* [Available data]
......
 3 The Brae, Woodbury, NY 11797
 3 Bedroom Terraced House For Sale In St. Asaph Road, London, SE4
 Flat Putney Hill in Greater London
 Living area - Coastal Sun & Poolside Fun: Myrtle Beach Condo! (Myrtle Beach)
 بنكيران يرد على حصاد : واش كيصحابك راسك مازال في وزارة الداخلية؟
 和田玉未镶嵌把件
......
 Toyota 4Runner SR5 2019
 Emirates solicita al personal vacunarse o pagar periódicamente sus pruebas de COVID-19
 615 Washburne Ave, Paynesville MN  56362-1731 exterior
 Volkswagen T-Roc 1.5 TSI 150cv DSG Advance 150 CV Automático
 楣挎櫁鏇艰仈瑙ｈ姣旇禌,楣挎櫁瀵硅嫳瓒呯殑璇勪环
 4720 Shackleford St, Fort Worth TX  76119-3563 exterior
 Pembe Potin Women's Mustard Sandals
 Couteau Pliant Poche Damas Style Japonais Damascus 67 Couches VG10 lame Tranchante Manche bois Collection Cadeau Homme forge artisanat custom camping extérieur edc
......
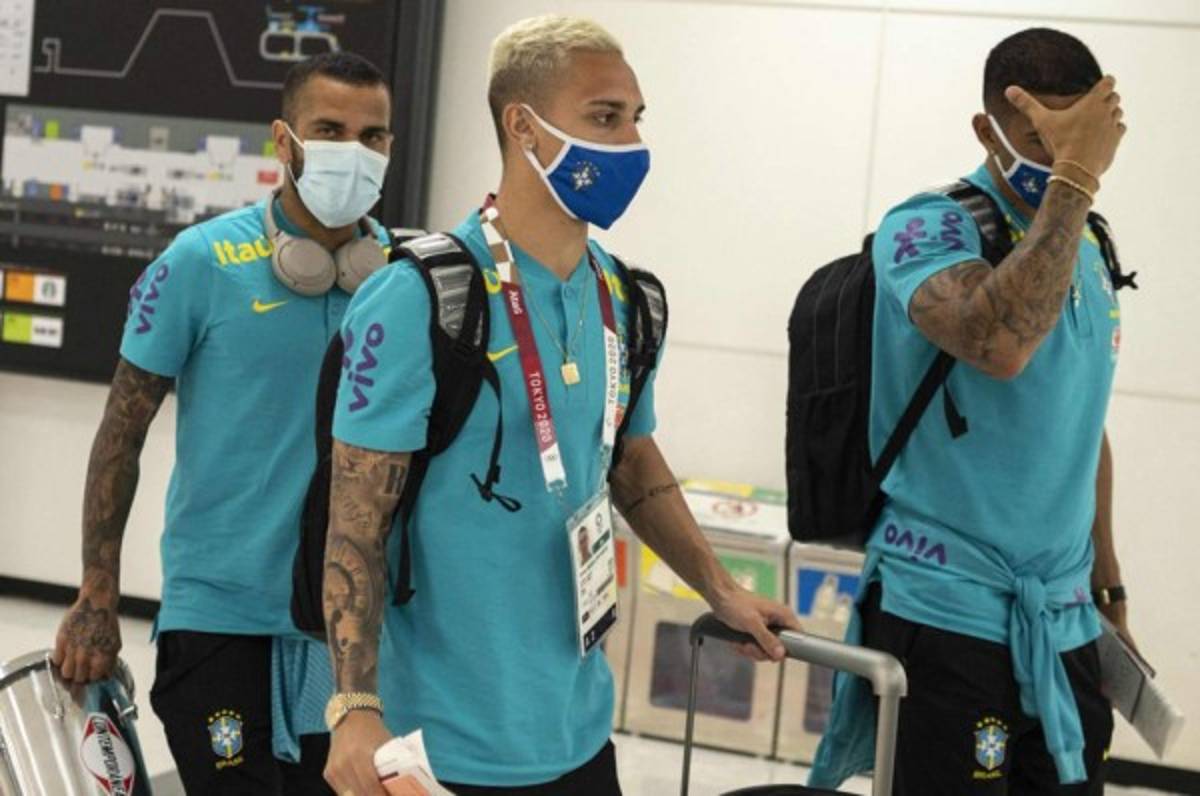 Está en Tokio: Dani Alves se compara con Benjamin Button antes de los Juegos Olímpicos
......
* [Task directions]
Copy the lines above exactly. Start with the line containing "4720 Shackleford St, Fort", end with the line containing "Couteau Pliant Poche", and include both.

* [Written solution]
 4720 Shackleford St, Fort Worth TX  76119-3563 exterior
 Pembe Potin Women's Mustard Sandals
 Couteau Pliant Poche Damas Style Japonais Damascus 67 Couches VG10 lame Tranchante Manche bois Collection Cadeau Homme forge artisanat custom camping extérieur edc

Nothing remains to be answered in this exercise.